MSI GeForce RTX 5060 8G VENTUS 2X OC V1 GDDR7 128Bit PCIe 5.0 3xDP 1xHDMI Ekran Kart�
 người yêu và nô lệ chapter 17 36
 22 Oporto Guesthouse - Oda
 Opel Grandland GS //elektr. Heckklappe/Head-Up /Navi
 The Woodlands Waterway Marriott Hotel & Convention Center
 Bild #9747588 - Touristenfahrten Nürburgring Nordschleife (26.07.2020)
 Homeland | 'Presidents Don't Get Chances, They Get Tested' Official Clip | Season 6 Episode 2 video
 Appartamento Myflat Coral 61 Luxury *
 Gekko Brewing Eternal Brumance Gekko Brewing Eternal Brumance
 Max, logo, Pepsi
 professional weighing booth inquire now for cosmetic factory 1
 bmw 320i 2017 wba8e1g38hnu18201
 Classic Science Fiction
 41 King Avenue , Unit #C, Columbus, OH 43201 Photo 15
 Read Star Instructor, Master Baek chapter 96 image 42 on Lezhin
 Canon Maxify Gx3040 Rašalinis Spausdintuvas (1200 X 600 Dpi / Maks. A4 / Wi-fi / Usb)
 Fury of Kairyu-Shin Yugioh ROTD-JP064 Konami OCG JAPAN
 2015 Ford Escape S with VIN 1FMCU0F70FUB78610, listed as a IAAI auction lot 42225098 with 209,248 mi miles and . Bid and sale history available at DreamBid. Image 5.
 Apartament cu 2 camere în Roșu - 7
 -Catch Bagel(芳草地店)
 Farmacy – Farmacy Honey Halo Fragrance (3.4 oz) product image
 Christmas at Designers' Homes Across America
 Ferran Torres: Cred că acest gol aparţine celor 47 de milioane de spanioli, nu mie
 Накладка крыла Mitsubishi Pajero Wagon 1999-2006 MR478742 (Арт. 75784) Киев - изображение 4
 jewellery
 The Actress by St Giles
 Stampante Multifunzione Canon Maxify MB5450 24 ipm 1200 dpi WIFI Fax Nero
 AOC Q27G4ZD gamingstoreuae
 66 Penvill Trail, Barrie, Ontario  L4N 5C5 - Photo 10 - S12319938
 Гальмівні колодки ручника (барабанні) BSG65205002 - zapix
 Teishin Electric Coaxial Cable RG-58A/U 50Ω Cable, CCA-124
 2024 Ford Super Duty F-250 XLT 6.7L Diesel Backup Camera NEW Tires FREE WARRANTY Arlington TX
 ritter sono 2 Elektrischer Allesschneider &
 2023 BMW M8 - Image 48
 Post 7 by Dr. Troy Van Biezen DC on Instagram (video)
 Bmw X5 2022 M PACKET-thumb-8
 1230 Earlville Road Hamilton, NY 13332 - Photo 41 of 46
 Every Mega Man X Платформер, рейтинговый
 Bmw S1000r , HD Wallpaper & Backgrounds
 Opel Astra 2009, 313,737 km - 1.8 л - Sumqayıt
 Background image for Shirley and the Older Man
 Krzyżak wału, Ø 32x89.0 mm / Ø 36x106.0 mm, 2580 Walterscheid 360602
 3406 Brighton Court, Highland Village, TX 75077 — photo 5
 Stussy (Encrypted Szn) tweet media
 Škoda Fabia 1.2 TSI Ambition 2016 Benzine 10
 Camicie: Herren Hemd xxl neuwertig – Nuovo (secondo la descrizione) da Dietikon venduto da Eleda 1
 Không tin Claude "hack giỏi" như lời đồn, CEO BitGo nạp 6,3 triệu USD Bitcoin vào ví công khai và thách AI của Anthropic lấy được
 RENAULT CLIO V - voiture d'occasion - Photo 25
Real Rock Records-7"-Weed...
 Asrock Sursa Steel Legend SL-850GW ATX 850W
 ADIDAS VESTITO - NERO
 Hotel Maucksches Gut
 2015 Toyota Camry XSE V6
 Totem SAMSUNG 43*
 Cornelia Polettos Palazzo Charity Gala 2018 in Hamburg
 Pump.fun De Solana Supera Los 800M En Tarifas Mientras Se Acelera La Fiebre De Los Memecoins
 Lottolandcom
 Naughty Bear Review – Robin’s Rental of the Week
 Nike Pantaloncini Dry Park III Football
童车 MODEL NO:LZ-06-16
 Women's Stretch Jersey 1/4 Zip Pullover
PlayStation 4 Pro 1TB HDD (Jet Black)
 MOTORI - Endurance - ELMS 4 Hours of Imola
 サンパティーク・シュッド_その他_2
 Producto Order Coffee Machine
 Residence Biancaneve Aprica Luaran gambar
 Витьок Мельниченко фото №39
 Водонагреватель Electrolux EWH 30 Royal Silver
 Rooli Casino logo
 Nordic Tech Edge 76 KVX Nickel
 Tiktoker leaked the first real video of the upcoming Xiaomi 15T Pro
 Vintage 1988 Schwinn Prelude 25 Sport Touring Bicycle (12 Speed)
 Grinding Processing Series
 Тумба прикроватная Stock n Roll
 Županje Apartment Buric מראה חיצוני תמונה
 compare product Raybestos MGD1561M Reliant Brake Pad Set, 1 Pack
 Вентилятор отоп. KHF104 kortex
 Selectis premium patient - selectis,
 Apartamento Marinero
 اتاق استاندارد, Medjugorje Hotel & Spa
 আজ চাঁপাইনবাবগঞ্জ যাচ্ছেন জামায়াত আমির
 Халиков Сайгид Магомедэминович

WHAT YOU ARE ASKED TO DO:
All lines from the beginning of the material above through the one with "41 King Avenue" need to be returned exactly; please return those and only those.

SOLUTION TO THE EXERCISE:
MSI GeForce RTX 5060 8G VENTUS 2X OC V1 GDDR7 128Bit PCIe 5.0 3xDP 1xHDMI Ekran Kart�
 người yêu và nô lệ chapter 17 36
 22 Oporto Guesthouse - Oda
 Opel Grandland GS //elektr. Heckklappe/Head-Up /Navi
 The Woodlands Waterway Marriott Hotel & Convention Center
 Bild #9747588 - Touristenfahrten Nürburgring Nordschleife (26.07.2020)
 Homeland | 'Presidents Don't Get Chances, They Get Tested' Official Clip | Season 6 Episode 2 video
 Appartamento Myflat Coral 61 Luxury *
 Gekko Brewing Eternal Brumance Gekko Brewing Eternal Brumance
 Max, logo, Pepsi
 professional weighing booth inquire now for cosmetic factory 1
 bmw 320i 2017 wba8e1g38hnu18201
 Classic Science Fiction
 41 King Avenue , Unit #C, Columbus, OH 43201 Photo 15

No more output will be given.